Could not remove pg_stat - unsatisfied constraints (Directory not empty)

ocharles commented 4 years ago

I have been happily using tmp-postgres locally, but on CI I got:

Exception: /tmp/tmp-postgres-data-4de8de8b7e43c151/pg_stat: removeDirectoryRecursive:removeContentsRecursive:removePathRecursive:removeContentsRecursive:removeDirectory: unsatisfied constraints (Directory not empty)

I've never seen this before, any idea what could have happened?

jfischoff commented 4 years ago

ah crap.

This is a bug I'm really struggling to kill.

I think that as removeDirectoryRecursive is running new files are being added to the directory.

This is the silly hack I have left in.

https://github.com/jfischoff/tmp-postgres/blob/master/src/Database/Postgres/Temp/Internal/Config.hs#L393

The other thing I have tried is rename folder before removing but that also did not work.

I guess I should try the idea I had of locking the directories ... but I am not really sure what I was thinking because I would lock in the ~~same process~~ (I see now ... it is postgres that is writing into the folder so it would be a different process).

I could also just try deleting over and over again for some amount of time.

ocharles commented 4 years ago

Ah, you have experienced this too then?

jfischoff commented 4 years ago

Not recently but yes. I was pretty sure I had not solved it.

ocharles commented 3 years ago

We're hitting this a lot at the moment, so I'm doing some investigation into this. Some findings:

Disabling copy-on-write doesn't stop the problem happening. Or more, copyOnWrite = False and copyOnWrite = cowCheck both cause the bug (I haven't confirmed what cowCheck is on the failing machine yet).
The tests are failing in CI builds, which are all Nix builds. Interestingly when we don't have the Nix sandbox enabled (currently our default), tests fail with this error about 90% of the time. With the Nix sandbox enabled, I am yet to see this bug happen. So it seems to be sensitive to a tainted environment.
Next, I note that find /tmp -name 'tmp-postgres-data-*' -type d | wc -l = 2653, so there's a lot of junk lying around from previous runs!
I ran a test suite until it failed with this bug. I already had a list of all existing /tmp/tmp-postgres-data directories, and the directory that failed to be removed wasn't in the list - so it's not like the random directory names are picking existing directories.
I moved /tmp/tmp-postgres-* to /tmp/old-tmp-postgres and ran a failing test suite again. This test suite still failed, and I was left with 6 tmp-postgres-data directories.

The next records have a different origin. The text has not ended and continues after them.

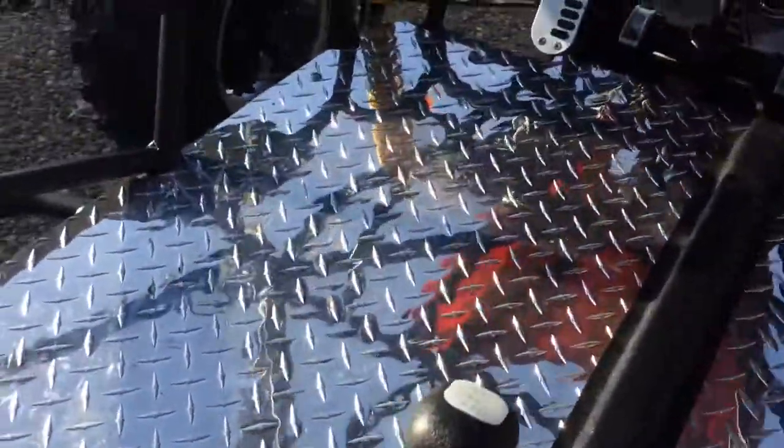I hope this is going to help somebody who's willing to do the floor. This is how it looks like.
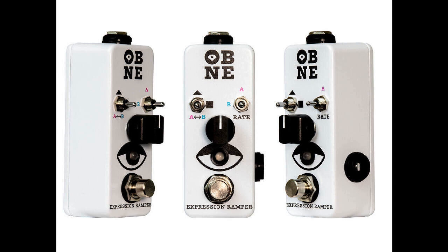A more out-there mode is AB Mode. This activates a one-shot sweep between the two positions. Each time the footswitch is pressed, the pedal's expression parameter will sweep towards the other and stay there, as if you were to make one heel-to-toe movement on a more traditional expression pedal.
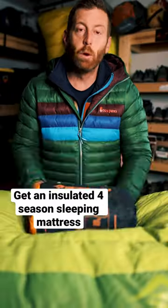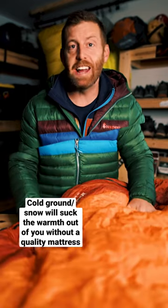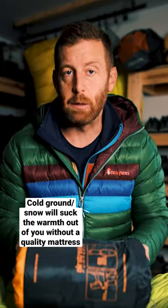This is a four season sleeping mattress. What most people don't know is that what's between you and the ground is almost more important than the sleeping bag that you're in. It is really hard to stay warm, even in that negative 20 degree sleeping bag, if you have an insufficient sleeping pad.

This is a somewhat surprising number - this test suite uses snapshots and opens 11 connections, so why are almost half of the directories still around? I only observed one exception, too! This makes me think that sometimes this cleanup function entirely runs and then PostgreSQL writes more files. So are we running the clean up function too early?
I notice that it's only ever a complaint about the pg_stat directory. Reading https://www.postgresql.org/docs/current/monitoring-stats.html, we see

When the server shuts down cleanly, a permanent copy of the statistics data is stored in the pg_stat subdirectory, so that statistics can be retained across server restarts.

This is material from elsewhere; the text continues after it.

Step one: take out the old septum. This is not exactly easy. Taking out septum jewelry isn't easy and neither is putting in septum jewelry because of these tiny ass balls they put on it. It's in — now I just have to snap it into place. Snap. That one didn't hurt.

So I'm again wondering if we're doing the cleanup too early.
Looking at the cleanup code, I see that the cleanup routine is (probably) ultimately called from: https://github.com/jfischoff/tmp-postgres/blob/8d1fe38b82e3d17b090d10cf34dbd8b3df1c0c18/src/Database/Postgres/Temp/Internal.hs#L366 Now I'm suspicious - we know that shutting the server down can write files. This change was introduced in https://github.com/jfischoff/tmp-postgres/pull/215 which was introduced before this issue - so could this be the culprit?
I try reverting #215 https://github.com/circuithub/tmp-postgres/commit/b90ed912c069b67cf61df750e852deb3b4ed6da2 and rebuild using my fork.
With this change, I've managed to run the test suite 50 times in succession. 48 passed without exception. Something is still going wrong, but it appears to be a different problem (unrelated to tmp-postgres entirely).

I think my sandboxing stuff is just luck that causes the exception to happen less frequently.

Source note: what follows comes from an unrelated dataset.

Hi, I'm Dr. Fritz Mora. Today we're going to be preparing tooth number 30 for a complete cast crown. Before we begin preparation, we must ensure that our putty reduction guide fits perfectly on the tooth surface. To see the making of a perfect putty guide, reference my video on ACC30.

I suggest that #215 is reverted, or least configurable. I'll live with an 8ms penalty if tests actually work reliably. Also, this time is spent per test, and we run tests in parallel anyway

jfischoff commented 3 years ago

Thanks @ocharles. I think you are probably right and reverting #215 is the problem. I'll revert it.

the-dr-lazy commented 3 years ago

As a temporary hack for anyone who have same issue:

Just catch the close action.

If there is a better solution, I'd be happy to see.

ocharles commented 3 years ago

The better solution is to just revert b90ed91

ocharles commented 3 years ago

@jfischoff Do you still plan to revert the above mentioned commit? We haven't had any more problems since we reverted it (we've been running https://github.com/circuithub/tmp-postgres since my last comment)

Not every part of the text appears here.